> Records for this exercise

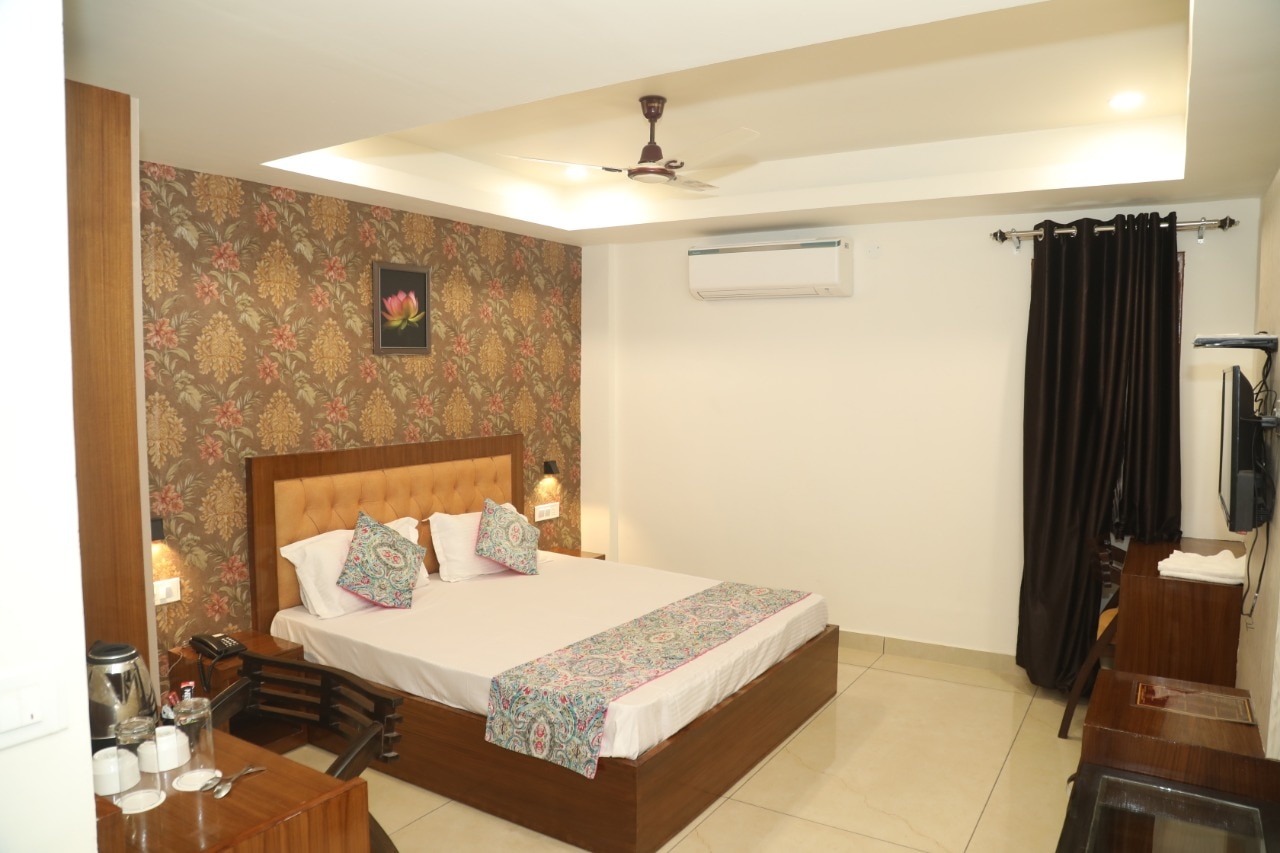 Hotel Whitestone Residency - Tap to explore photos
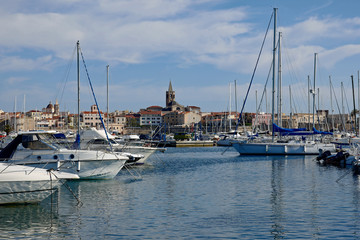 Fototapeta premium Sardinien Alghero Blick auf Hafen und Altstadt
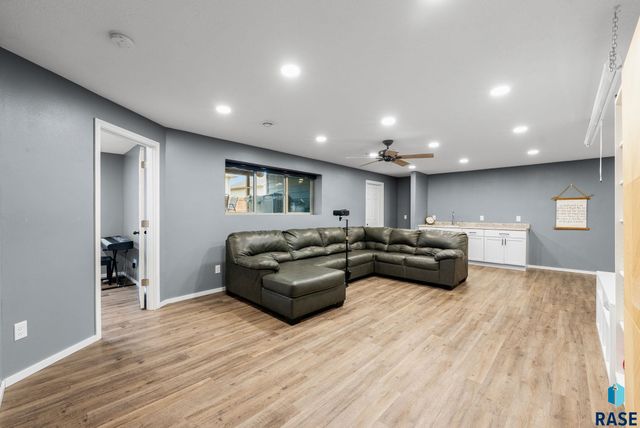 2229 S Creekview Ave Avenue, Sioux Falls, SD 57106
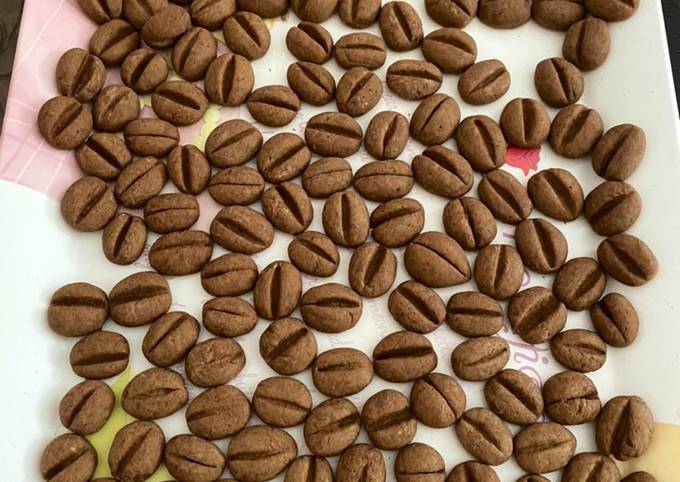 Bagaimana Menyiapkan Coffee bean cookies, Lezat Sekali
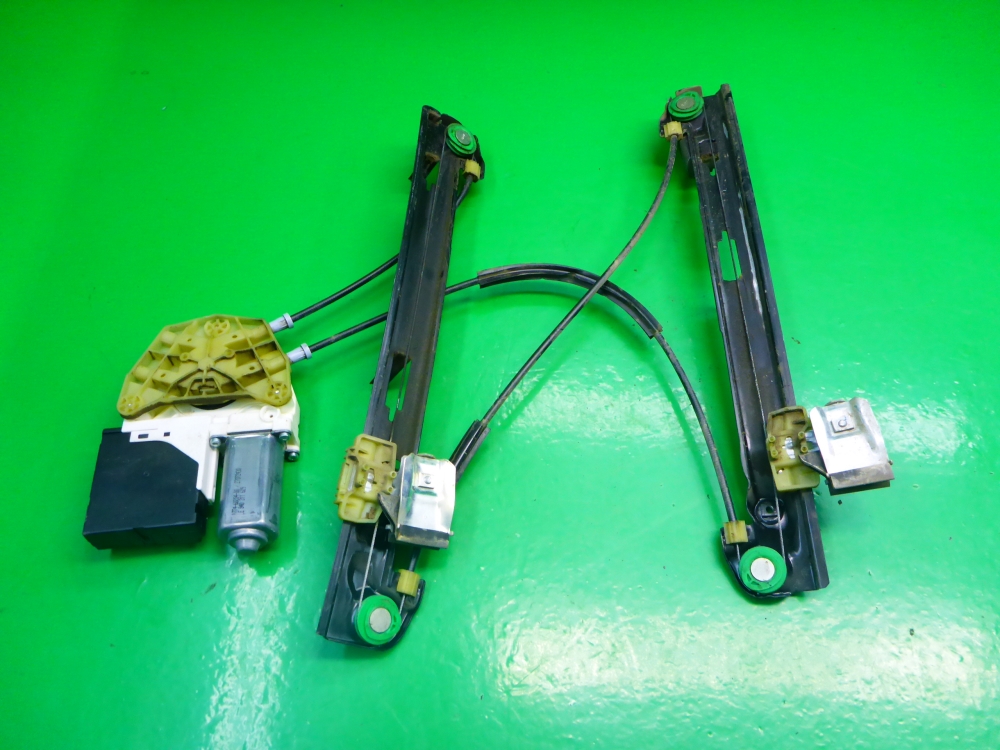 Стеклоподъемник электр. передний правый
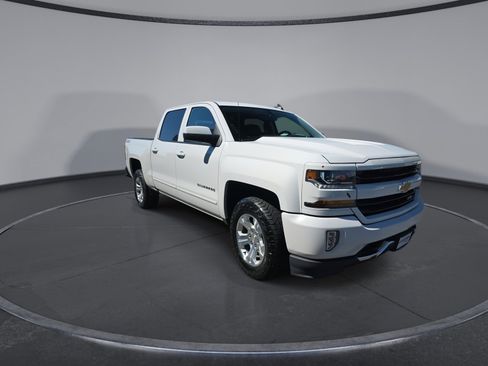 Used 2018 Chevrolet Silverado 1500 LT w/ All Star Edition AWD/4WD image 15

> Instructions for the task
In the records above, transcribe exactly the lines from the one containing "Bagaimana Menyiapkan Coffee" through the last line, both included, and skip the pictures.

> Task answer
 Bagaimana Menyiapkan Coffee bean cookies, Lezat Sekali
 Стеклоподъемник электр. передний правый
 Used 2018 Chevrolet Silverado 1500 LT w/ All Star Edition AWD/4WD image 15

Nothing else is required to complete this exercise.